How should I choose my sample size?

181 Views Asked by At

The following is only to make sure I don't have a misunderstanding. My real question is at the end.

I am in the following scenario: I have a website where people can subscribe by clicking a button. I can make the button either blue or red. In order to test what is better, I show some users the blue version and some users the red version.
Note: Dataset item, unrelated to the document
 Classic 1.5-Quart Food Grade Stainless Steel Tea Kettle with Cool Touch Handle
Now I count how many users subscribe for both groups.

My $H_0$: The color of the button has no effect on the probability of subscription.

I want to have a probability of at most $0.1\%$ that I falsely reject $H_0$, so my significance level is $\alpha = 0.001$.
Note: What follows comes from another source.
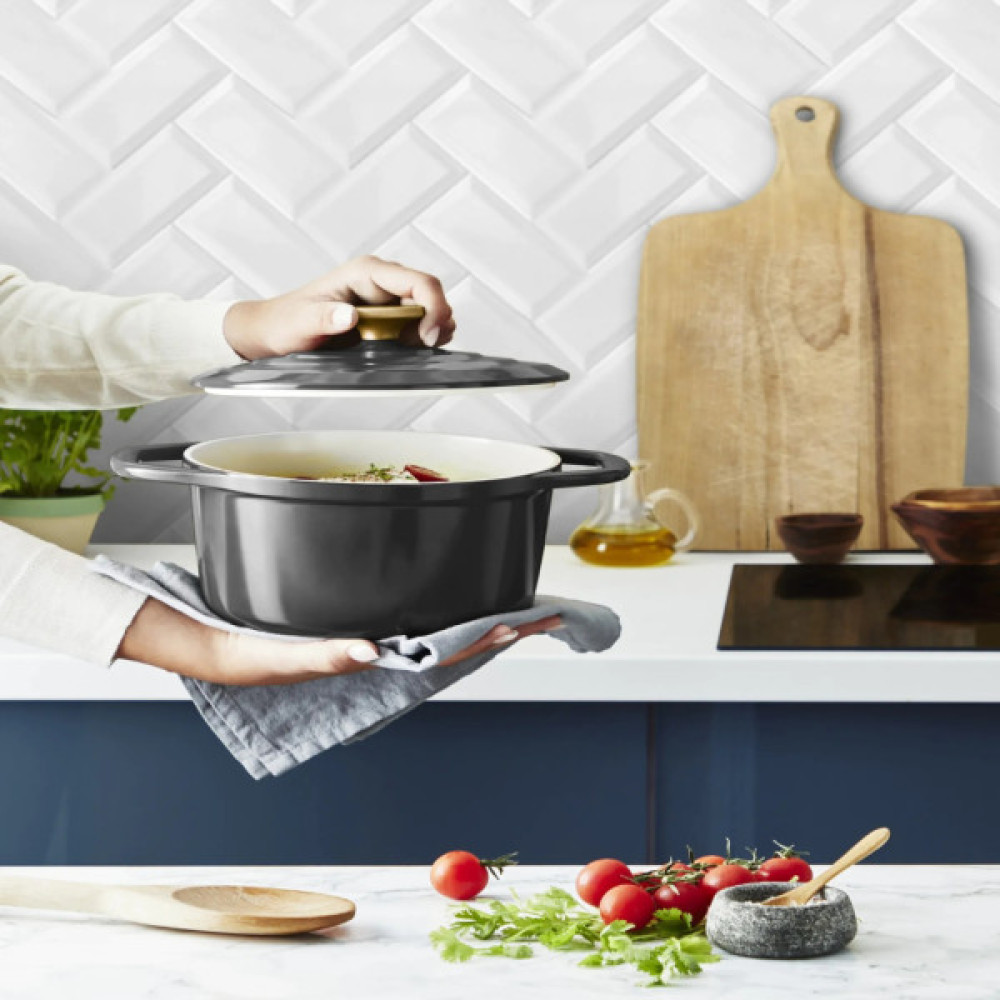 Каструля Tefal Air, з кришкою, 3.1л, алюміній, чорний (E2554404)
Now I might decide to test this with 50 users in both groups and get the following result:

         subscribed          not subscribed |
"blue"   24                  26             |  50
"red"    23                  27             |  50
--------------------------------------------------
         47                  53             | 100

We have 100 random variables:

\begin{align} X_{i} \sim Bin(1, p) &\text{ with } i=1, \dots, n\\ Y_{j} \sim Bin(1, q) &\text{ with } j=1, \dots,m\\ H_0:&\qquad p =q \end{align}

The higher the observed difference $T(X_1, \dots, X_n, Y_1, \dots, Y_n):= |\frac{\sum X_i}{n} - \frac{\sum Y_j}{m}|$, the more reasonable is the assumption that $p \neq q$. So the test decision ("Testentscheid" - I'm not sure about the English word) should be:

$$ \begin{cases} T > c &H_0 \text{ is rejected on the significance level } \alpha\\ T \leq c & H_0 \text{ cannot be rejected on the significance level } \alpha \end{cases} $$

In case $p = q$, the probability to make a wrong decision is

\begin{align} &P(|\frac{\sum X_i}{n} - \frac{\sum Y_j}{m}| > c)\\ =& P(\frac{\sum X_i}{n} - \frac{\sum Y_j}{m} > c) + P(\frac{\sum X_i}{n} - \frac{\sum Y_j}{m} < -c) \end{align} (I'm currently stuck here, but I am relatively confident that this is the right way to calculate $c$ and thus make the decision on this significance level)

My Question

How do I decide which sample size to take? I guess with bigger sample sizes I can always make better statements, but usually it costs something to increase the sample size. So is 100 reasonable? 1000? I guess this mainly depends on the expected difference between $p$ and $q$?

Also: What should I do if I am sure there is a difference in this scenario, but would like to give a number/direction for it? I guess confidence intervals is the right term to look for?